Authors: Morrison Philippa K, Newbold Charles J, Jones Eleanor, Worgan Hilary J, Grove-White Dai H, Dugdale Alexandra H, Barfoot Clare, Harris Patricia A, Argo Caroline McG
Journal: PloS one
Summary
# Editorial Summary: Gastrointestinal Bacterial Response to High-Starch Feeding in Ponies Morrison and colleagues tracked changes in faecal bacterial communities across 23 Welsh Section A pony mares (aged 5–15 years and ≥19 years) as they transitioned from maintenance hay feeding to a high-starch diet incorporating 2g micronized steam-flaked barley per kg body mass over a 5-week period. Using 16S rRNA sequencing, the researchers identified consistent shifts in bacterial phyla—notably increased Candidatus Saccharibacteria and Firmicutes with reduced Fibrobacteres—though age had minimal influence on these compositional changes. At the genus level, Streptococcus abundance increased during high-starch feeding, but critically, this response varied substantially between individual animals; in ponies classified as Streptococcus 'responders', bacterial diversity actually declined during the dietary transition, whilst faecal pH and volatile fatty acid concentrations showed considerable inter-individual variation.
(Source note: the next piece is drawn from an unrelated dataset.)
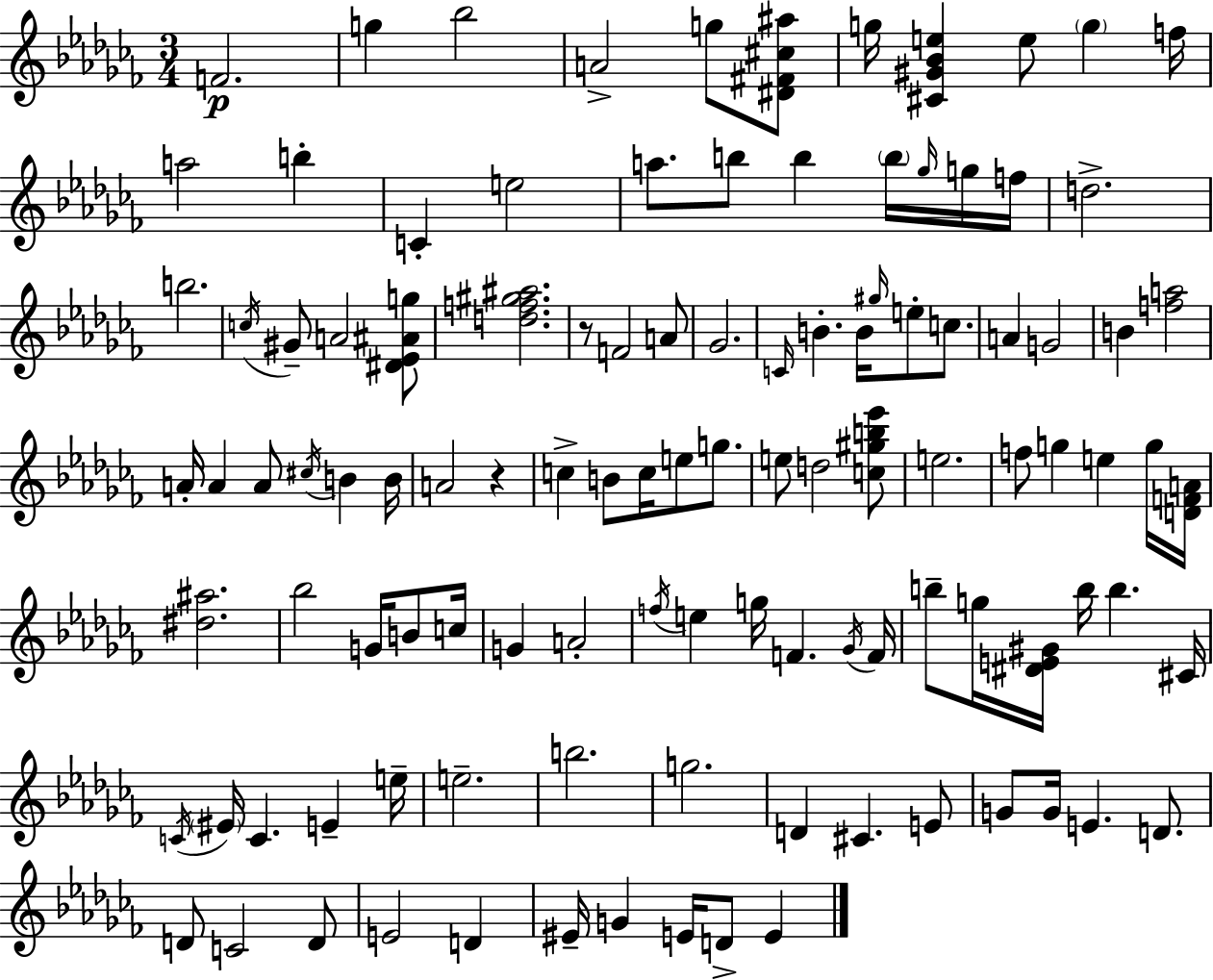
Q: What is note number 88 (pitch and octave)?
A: D4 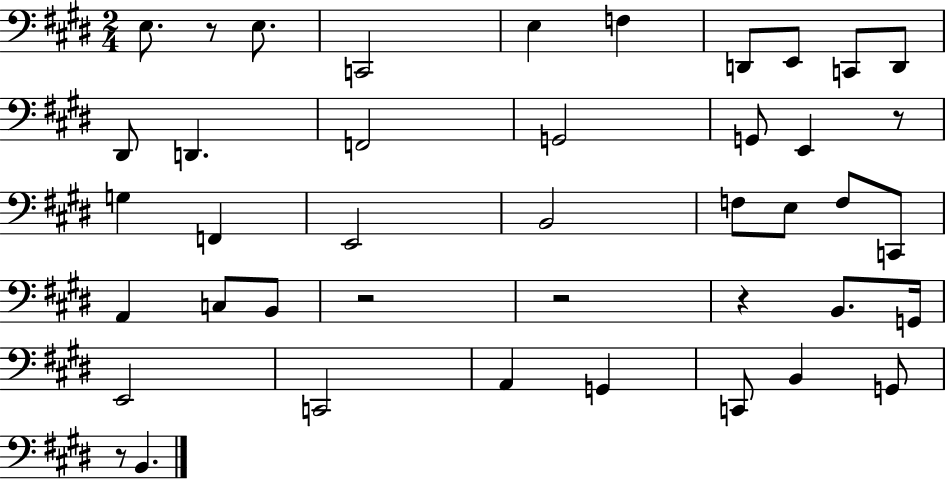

These findings underscore that whilst high-starch feeding triggers predictable microbial shifts in pony hindguts, the magnitude and functional consequences differ markedly between individuals, suggesting that standardised feeding recommendations may not account for individual susceptibility to dysbiosis-related complications such as colic or laminitis. Practitioners should recognise that monitoring faecal indicators and clinical signs during dietary transitions may be more informative than assuming uniform bacterial responses across a group.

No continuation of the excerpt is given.